This pattern occurs regularly within financial markets.

As a trader, you should consider incorporating this pattern in your trading strategy.

This will enhance your market analysis technique.

In this article, I will help you learn how to trade the cup and handle chart pattern more effectively.

Let’s start…

What is the Cup and Handle Pattern?

The cup and handle pattern is a bullish reversal chart pattern.

It can occur after a price increase or a price decrease.

The pattern also has its bearish equivalent, the inverted cup and handle pattern.

This pattern can act as a reversal or continuation signal.

It all depends with the price move before the formation of the pattern.

If the bullish cup and handle occurs after a bullish price move, it will be considered a continuation.

If the bullish cup and handle occurs after a bearish price move, it will be considered a reversal pattern.

The Structure of Cup and Handle Pattern

This pattern was named cup and handle because it resembles a cup with a handle.

The pattern begins with a price decrease, during which the currency pair slowly changes its direction.

The change in direction is so gradual that the price action creates a rounded bottom on the chart.

The beginning of the price decrease and the end of the price increase are approximately at the same level.

The rounded structure created by this price movement forms the Cup portion of the pattern.

The handle is then formed by a bearish price move.

In most cases, the handle is locked within a small bearish channel on the chart.

The following graphic shows how the cup and handle formation looks like…

trading-cuand-handle

The above graphic shows both the cup and the handle part of the cup and handle chart pattern.

The cup part of the formation is formed by a combination of a price decrease and a price increase.

The handle part has been formed by a bearish price move.

In some cases, the start of the price decrease and the end of the price increase may diverge in terms of the level that they are supposed to be located at.

So, a small divergence between the tops of the two trends is admissible.
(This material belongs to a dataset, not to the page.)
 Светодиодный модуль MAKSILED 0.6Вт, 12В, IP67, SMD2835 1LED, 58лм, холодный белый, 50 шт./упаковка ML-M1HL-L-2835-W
The handle is supposed to reach the midpoint of the cup and handle formation.

The decrease can stop a bit before the midpoint, or can go a bit below.

Cup and Handle Pattern in Forex

There are two types of cup and handle formations in forex depending on their potential.
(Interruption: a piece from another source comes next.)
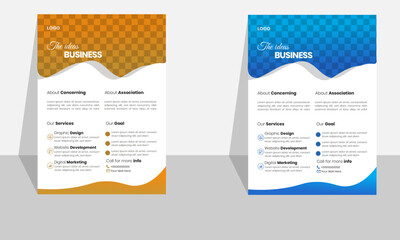 Modern & colorful business flyer template.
These are the bullish cup with handle and the bearish cup with handle.

Let’s discuss them in depth…

Bullish Cup with Handle Pattern

What we’ve discussed so far is the bullish cup with handle chart pattern.

It begins with a price move in the bearish direction, which reverses gradually.

A bullish move begins, which moves to approximately the same level as the top of the bearish move.

The price action then starts to create the handle, which is a structure created by a bearish price move.

After confirming the pattern, the price is most likely to break the channel of the handle, starting a bullish move.

This move will have two targets.

The first target is equal to the size of the channel during the handle.

The second target is equal to the size of the cup beginning from the moment of the breakout.

Consider the following chart…

cup-handle-pattern

The above chart shows how the bullish cup and handle chart pattern is formed.

The bullish cup and handle chart pattern has been marked using blue lines.

The price action begins by making a gradual bearish move.

It is then followed by a gradual bullish move.

These two price moves creates the cup.

After the formation of the cup, the price action begun a new bearish move.

This move created the handle.

The two tops of the cup are at approximately the same level.

The formation of the handle also begins immediately after the formation of the cup.

The handle is sloping downwards because it was formed from a bearish price action.

After that, the price broke upwards.

It is now time for you to apply your targets.

The size of the first target should be equal to the size of the handle.

The size of the second target should be equal to the size of the cup.

Both should be applied from the moment of the breakout.

Consider the chart given below…

cup-and-handle-pattern

The above chart shows how to apply targets to the bullish cup and handle.

We have applied two targets marked as Target 1 and Target 2.

Target 1 is equal to the size of the handle.

Target 2 is equal to the size of the cup.

You can also see that the two targets have been applied from the moment of the breakout.

Bearish Cup and Handle Pattern

The bearish cup and handle chart pattern is an inverted version of the classic cup and handle chart pattern.

The bearish cup and handle formation begins with a bullish price move.

This bullish price move slows down gradually and eventually becomes bearish.

The handle for the bearish cup and handle slants upwards.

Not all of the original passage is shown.